李中清: 60年代末70年代初,很多国外的年轻人很羡慕中国的“革命”。但是,中国的“革命”到底是怎么样的,我们都不太清楚。1973年,我在耶鲁参加了学生运动。有一次,我们把高速公路封掉了,被抓了起来。我记得那天早上6点半,他们把我放了,我很累地回到住处,父母打电话把我大骂一通。妈妈很快从纽约到纽黑文找我。她说,如果给你安排一个机会,让你真正体验一下中国的“革命”,你愿不愿意放弃在美国的学生“革命”?我当然很开心,说,可以。当时大概是1973年1月初,我妈妈跟我说,过了春节之后,你就可以去中国。我当时在耶鲁提前参加了考试,离开了学校。

记者:你是怎样回到中国的呢?

李中清:我是经过香港回国的。当时中国跟外国基本上没有什么关系,没有机构接待这些要回国的人。应该是统战部接待,但是统战部不能在香港出面。所以,他们安排的是中国旅行社的人到香港机场接我。在香港待了一个晚上,然后去罗湖桥,等着过关。

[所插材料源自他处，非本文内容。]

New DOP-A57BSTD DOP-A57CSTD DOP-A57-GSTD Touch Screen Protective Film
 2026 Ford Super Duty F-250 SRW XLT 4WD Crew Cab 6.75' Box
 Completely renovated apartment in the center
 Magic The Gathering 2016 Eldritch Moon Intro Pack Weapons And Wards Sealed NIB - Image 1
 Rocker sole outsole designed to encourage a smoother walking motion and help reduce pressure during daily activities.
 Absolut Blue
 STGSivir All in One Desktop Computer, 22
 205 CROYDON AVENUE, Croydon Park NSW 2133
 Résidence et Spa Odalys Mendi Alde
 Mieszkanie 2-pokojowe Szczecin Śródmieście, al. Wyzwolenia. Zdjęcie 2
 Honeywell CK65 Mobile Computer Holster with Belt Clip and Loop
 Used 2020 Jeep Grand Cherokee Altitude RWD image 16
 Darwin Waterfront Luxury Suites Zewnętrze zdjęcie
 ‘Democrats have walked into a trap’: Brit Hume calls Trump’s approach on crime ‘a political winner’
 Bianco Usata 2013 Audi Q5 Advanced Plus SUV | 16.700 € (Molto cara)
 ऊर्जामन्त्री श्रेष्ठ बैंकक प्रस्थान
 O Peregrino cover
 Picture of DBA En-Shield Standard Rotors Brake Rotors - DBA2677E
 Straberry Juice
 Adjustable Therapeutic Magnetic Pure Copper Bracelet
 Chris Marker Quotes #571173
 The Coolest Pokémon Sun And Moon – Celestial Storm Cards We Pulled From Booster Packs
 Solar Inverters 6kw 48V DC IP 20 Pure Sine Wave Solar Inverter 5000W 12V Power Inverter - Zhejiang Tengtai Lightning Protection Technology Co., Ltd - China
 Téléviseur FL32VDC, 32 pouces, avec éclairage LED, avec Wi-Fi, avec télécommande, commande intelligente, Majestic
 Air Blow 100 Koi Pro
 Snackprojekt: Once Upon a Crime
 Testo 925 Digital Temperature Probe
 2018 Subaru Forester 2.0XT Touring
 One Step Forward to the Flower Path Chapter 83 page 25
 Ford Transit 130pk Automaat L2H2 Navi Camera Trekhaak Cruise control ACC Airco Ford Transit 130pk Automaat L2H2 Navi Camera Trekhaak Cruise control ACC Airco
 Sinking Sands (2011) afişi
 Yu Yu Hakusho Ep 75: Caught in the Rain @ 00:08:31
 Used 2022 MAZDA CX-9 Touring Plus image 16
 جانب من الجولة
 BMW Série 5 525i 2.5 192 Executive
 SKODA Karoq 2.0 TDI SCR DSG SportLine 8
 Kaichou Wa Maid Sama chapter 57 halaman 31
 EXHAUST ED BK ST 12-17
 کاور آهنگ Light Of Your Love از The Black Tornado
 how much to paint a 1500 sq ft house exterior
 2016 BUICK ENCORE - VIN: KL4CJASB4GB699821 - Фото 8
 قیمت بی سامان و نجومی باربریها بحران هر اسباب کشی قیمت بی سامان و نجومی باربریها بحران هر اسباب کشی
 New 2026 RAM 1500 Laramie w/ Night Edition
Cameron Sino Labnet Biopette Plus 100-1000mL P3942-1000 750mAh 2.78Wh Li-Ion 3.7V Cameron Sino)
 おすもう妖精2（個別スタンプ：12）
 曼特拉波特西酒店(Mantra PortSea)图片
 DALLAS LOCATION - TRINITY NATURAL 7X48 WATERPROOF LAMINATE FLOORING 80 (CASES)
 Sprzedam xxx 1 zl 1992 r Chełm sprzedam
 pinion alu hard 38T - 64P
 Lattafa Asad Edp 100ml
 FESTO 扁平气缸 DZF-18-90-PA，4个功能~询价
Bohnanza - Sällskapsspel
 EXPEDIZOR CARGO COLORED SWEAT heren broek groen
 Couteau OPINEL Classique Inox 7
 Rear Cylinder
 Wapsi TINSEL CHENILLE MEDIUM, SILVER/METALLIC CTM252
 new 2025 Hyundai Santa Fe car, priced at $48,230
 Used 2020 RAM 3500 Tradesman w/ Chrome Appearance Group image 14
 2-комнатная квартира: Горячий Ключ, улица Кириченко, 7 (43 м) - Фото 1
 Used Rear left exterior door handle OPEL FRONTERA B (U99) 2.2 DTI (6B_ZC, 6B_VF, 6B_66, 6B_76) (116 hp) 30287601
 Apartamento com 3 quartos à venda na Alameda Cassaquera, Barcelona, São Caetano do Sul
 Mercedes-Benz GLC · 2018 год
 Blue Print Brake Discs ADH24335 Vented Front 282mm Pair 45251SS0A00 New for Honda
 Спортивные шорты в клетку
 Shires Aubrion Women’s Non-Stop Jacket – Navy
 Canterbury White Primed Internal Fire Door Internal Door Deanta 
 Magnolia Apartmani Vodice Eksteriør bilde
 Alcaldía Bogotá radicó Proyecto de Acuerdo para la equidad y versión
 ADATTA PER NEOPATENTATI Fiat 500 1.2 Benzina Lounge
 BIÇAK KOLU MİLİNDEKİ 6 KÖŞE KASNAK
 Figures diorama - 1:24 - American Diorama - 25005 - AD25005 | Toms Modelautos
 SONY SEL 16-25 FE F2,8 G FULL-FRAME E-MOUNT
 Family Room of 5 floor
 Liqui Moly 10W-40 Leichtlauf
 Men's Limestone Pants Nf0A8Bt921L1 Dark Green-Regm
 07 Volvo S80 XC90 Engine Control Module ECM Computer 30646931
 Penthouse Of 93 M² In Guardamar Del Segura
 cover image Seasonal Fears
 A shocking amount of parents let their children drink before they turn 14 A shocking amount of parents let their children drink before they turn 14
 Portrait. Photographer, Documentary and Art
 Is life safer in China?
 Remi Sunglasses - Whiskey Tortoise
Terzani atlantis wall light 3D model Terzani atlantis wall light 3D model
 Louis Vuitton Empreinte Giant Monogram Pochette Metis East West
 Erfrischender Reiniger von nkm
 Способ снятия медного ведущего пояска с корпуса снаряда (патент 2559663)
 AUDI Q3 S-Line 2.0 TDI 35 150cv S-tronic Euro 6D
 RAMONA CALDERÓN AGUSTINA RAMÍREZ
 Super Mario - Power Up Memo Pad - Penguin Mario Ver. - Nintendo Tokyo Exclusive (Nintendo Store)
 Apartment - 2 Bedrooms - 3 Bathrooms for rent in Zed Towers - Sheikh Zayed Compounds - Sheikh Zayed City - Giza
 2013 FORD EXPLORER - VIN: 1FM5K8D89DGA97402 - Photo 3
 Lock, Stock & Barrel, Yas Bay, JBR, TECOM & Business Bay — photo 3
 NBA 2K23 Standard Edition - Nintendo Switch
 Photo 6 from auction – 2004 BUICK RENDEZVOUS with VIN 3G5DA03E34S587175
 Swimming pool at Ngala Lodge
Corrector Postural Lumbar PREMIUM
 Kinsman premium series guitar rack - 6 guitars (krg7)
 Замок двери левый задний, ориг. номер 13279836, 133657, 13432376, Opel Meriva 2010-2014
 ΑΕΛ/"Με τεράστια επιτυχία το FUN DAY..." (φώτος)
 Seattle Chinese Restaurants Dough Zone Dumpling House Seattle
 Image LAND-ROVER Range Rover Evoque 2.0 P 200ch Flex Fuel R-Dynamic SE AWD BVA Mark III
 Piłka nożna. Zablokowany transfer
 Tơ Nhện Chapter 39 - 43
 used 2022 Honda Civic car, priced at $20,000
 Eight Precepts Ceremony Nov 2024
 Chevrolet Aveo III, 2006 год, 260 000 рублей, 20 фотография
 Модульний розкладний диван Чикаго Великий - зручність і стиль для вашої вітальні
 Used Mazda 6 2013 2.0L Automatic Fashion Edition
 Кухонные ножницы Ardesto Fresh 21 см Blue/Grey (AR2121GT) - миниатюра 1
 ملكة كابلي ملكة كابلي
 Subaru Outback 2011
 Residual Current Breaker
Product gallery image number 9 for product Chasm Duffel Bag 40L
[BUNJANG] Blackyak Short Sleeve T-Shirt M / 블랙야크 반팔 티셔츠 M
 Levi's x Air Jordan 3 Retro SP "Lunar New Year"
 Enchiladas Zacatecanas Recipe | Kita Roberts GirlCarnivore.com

当时过关的人很少。我在桥中间的一个椅子上坐下,等了两个小时。我不知道是怎么回事,很久才通过。后来才知道,那天早上,碰巧也有一个叫James Lee(李中清的英文名) 的人过关。他们弄错了。所以,我过了桥之后,就没有人接我。后来,我在广州华侨大厦住宿的时候,又恰巧碰到了另外一个James Lee,他是一个医生。他说,我过桥的时候,有一批人来接我,请我吃饭,吃了很多,后来发现不对,就不理我了。(大笑)

记者:当时待了多久呢?

李中清:我是待到了1973年8月底,“批林批孔”的会议刚开完,那天晚上是头一批游行,第二天我就走了。我当时总共是在国内待了半年多。2月份到的,8月份走的。

记者:回到美国之后,还继续闹“革命”吗?

李中清:另外两个回国的华裔科学家的孩子都写了文章讲他们的中国经历。我没写过那段经历。因为上海的环境比较复杂,有的东西你只是知道,但不太理解,所以没写。

记者:你对“革命”的认识,有变化吗?

李中清:有变化。我记得当时到虹桥人民公社参加劳动,住在农民家里,第二天,妇女会主任来找我,让我给他们讲美国农民怎么苦。我说,我不知道美国农民怎么苦。她说,你不知道?那你肯定是一个坏人。我还知道,当时中国有一个代表团去了美国,回来要写美国的不好。有人就写,在美国吃得很不好,总是3个菜,头一个是清汤,然后只有一块瘦肉,不熟,咬下去,出很多血,还有一些生菜,最后有一个冰激凌,只有这冰激凌好吃一点。(大笑)

记者:那你当时看到过批斗吗?

李中清:没有,他们不会让我看到的。《学习与批判》小组给我很重的压力,每天都向我宣传。1978年年底,我回复旦的时候,想找当年《学习与批判》的那批人,但被告知他们都“学习”去了。

逃离父亲的手掌

记者:我很好奇,家里人对你的学业有什么样的期待,为什么没让你学理工科?

李中清:我读高中的时候,住校,周末偶尔会回家。回家的时候,我爸会教我一些数学。15岁的时候,我跟他说,我以后不做理科,不做应用科学,我做社会科学。高中住校之前,我选了3个自己以后想研究的领域:经济学、城市管理、历史。我去哥伦比亚大学,找这3个系主任,向他们请教。之后决定学历史。城市管理太实际,经济学有太多数学,我不想学,我想离开爸爸的那个领域。

记者:为什么选择历史作为自己的专业?

李中清:几种原因。第一,我想找一个专业跟我爸是相反的。第二,我还是受爸爸的影响,他对文物相当感兴趣。小时候,我们经常去博物馆,我对古代文化就比较有兴趣,10岁就开始学中东的考古,后来还去过土耳其。在我们家长大,未来要去当一个知识分子,已经是定了的,唯一的问题是你选哪个专业。我弟弟比我聪明,他是康奈尔大学的化学家。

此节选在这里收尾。